# Finding a numerical value for a partial differential

• NEGATIVE_40
In summary, the conversation discusses a function Z = f(P,T) and the desire to calculate partial differentials \left ( \frac{\partial Z}{\partial P} \right )_T and \left ( \frac{\partial Z}{\partial T} \right )_P at specific values of P and T. The function Z is compressibility factor and the equation for Z is large, involving reduced pressures and temperatures. The solution procedure involves solving for a pseudo-variable and using other relations and definitions to find Z. The question is whether v_r can be treated as a constant when taking derivatives manually and how to calculate the numerical value of \left ( \frac{\partial Z}{\partial P} \right )_

#### NEGATIVE_40

I have a function $$Z = f(P,T)$$
and would like to calculate the partial differentials $$\left ( \frac{\partial Z}{\partial P} \right )_T$$ and $$\left ( \frac{\partial Z}{\partial T} \right )_P$$ at values of P and T.

The function Z is compressibility factor (Lee and Kessler equation of state), P and T refer to pressure and temperature. The equation for Z is quite large;
$$Z = \frac{P_rv_r}{T_r} = 1 + \frac{B}{v_r} + \frac{C}{v_r^2} + \frac{D}{v_r^5}+\frac{c_4}{T_r^3v_r^2}\left ( \beta +\frac{\gamma}{v_r^2} \right )\exp\left ( -\frac{\gamma}{v_r^2} \right )$$
T_r and P_r refer to reduced pressures and temperatures:
$$T_r = \frac{T}{T_c},~~P_r = \frac{P}{P_c}$$ Other variables are constants and other expressions with T_r and P_r in them.

The solution procedure is a bit weird, but the gist of it is you solve the right hand side of the Z equality for v_r (which is pseudo variable);
$$\frac{P_rv_r}{T_r} = 1 + \frac{B}{v_r} + \frac{C}{v_r^2} + \frac{D}{v_r^5}+\frac{c_4}{T_r^3v_r^2}\left ( \beta +\frac{\gamma}{v_r^2} \right )\exp\left ( -\frac{\gamma}{v_r^2} \right )$$
then use some other relations and definitions to find Z. I have this part working correctly.

Although the expression for Z is long, I can find the derivatives manually.

Now, my question is this: can I treat v_r as being a constant when I take these derivatives manually?

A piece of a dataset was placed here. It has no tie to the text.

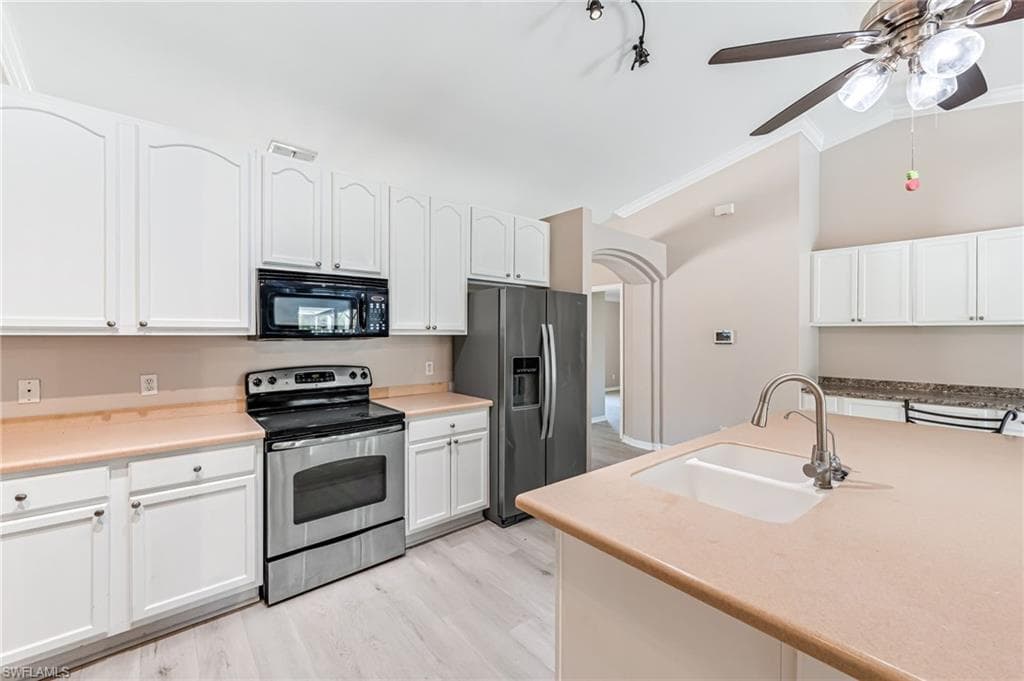 3630 10th Ave SE, Naples, FL 34117-14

The value of v_r depends on both P and T when I am solving for it, so I'm not sure that I can.

Finally, if I do figure this out, how would I calculate the numerical value of:
$$\left ( \frac{\partial Z}{\partial P} \right )_T$$
Since we are holding T constant, would it be equivalent to
$$\frac{\partial Z}{\partial P}$$ , treating T as constant when taking the derivatives?

Hopefully this makes sense, and my apologies if this isn't the appropriate place to ask.

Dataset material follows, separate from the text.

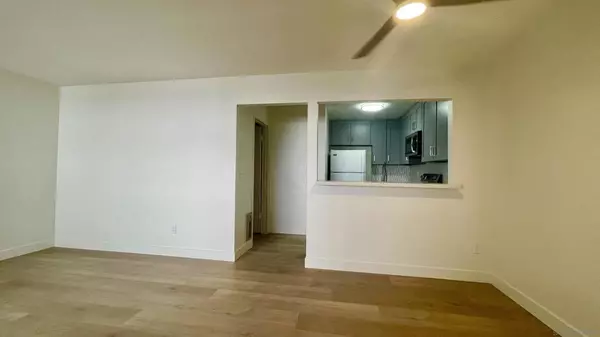 San Diego, CA 92111,3266 Ashford St #M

Well, if I've understood you correctly, you have introduced a pseudo-variable v_r=v_r(p,T), so that your expression for Z may be rewritten as Z=Z(v_r(P,T), P,T).
Am I correct?

Written like this, a fixed P, and differentiation of Z with respect to T will need to account for TWO effects, the change in Z as the result of change in V_r, plus the "direct" contribution in the change of Z due to T.

To take a trivial example, set Z=v_r+P+T, v_r=P+2T, you'll see you need BOTH contributions to the total change in Z.

What I would suggest would be to write:
$$v_r=\frac{ZT_r}{P_r}$$
$$dv_r=\frac{T_r}{P_r}dZ+\frac{Z}{P_r}dT_r-\frac{ZT_r}{P_r^2}dP_r$$

So, $dZ = (-\frac{B}{v_r^2}-2\frac{C}{v_r^3}+...)dv_r$+ dTr term

Substitute the second equation into this one, and solve for dZ as a function of dPr and dTr.